Firearm-related fatalities in the U.S. have been decreasing consistently since record-keeping began in 1902 and dramatically in the last 20 years. As firearms safety education programs have increased, the number of unintentional firearm-related fatalities of decreased. Educating the public about hunting safety can help ensure the sport continues to stay one of the safest sports in America. With hunting season just around the corner here are a few hunting safety tips to remember:
- Wear hunter orange when in the woods. Use hunter orange to identify your hunting location.
- Dress defensively. Never wear red, white, blue, or black while hunting turkey.
- Know the effective range of your gun.
- Always identify your target before putting your finger on the
- Never shoot at sound or movement. Assume it is another hunter until you can clearly see the animal.
- Stay aware of other hunters.
- Be sure of your target and what lies beyond it.
- Make sure your equipment is in good working condition and your firearm is properly sighted in.
- If you hunt on private land, know where the boundaries, houses, roads, fences, and livestock are located on the property.
- Know and obey all wildlife laws and gun safety.
- When using a camouflage blind, other hunters cannot see you even if you are wearing hunter orange. Tie hunter orange on each side of the blind so it can be seen from all sides.
Safety Tips for Tree Stands
Though commonly used by deer hunters everywhere, tree stands often are improperly installed. As a result, they are considered the leading cause of hunting-related incidents.

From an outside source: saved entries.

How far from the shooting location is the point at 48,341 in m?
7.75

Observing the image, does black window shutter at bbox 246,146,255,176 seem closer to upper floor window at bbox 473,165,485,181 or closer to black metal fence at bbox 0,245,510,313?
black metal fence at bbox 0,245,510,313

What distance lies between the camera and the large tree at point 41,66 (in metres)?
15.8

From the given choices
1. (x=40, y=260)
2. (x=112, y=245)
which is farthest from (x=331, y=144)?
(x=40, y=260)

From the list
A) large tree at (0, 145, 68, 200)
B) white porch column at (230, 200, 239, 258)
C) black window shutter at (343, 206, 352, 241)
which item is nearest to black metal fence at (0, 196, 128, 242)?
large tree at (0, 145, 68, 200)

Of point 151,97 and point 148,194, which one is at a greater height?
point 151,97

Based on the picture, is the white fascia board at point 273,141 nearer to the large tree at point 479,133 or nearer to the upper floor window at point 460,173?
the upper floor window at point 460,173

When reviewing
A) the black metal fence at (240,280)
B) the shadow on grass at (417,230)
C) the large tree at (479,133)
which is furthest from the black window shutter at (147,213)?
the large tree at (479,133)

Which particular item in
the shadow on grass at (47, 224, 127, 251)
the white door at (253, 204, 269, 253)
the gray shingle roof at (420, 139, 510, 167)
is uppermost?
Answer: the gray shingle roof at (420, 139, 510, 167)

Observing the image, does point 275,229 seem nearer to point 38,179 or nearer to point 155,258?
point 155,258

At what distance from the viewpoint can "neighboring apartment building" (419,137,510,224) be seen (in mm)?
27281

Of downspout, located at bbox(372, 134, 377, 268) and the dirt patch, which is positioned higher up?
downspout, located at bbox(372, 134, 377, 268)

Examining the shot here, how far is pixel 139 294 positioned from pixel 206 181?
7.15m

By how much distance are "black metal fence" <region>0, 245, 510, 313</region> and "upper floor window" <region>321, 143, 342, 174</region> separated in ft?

- Practice with your stand at ground level, gradually going higher.
- Use proper procedures for securing the stand to a tree.
- Read the warnings and instructions from the stand manufacturer before each season.
- Use only stands meeting the standards of the Treestand Manufacturers Association (TMA) rated for your weight and all your equipment you wear or have with you on the stand.
- Always use a safety harness that meets TMA standards and is rated for your weight and any gear you wear.
- Attach your safety harness to the tree from when you leave the ground, throughout the hunt and when you descend to the ground.
- Always position yourself so that you step down onto your tree stand to test its stability.
- Never climb into a tree with a loaded gun or arrow ready to shoot.
- Always use a haul line to raise or lower your gear, including unloaded firearms, bow, and arrows.
- Always inform someone of where you are hunting and what time you are expected to return.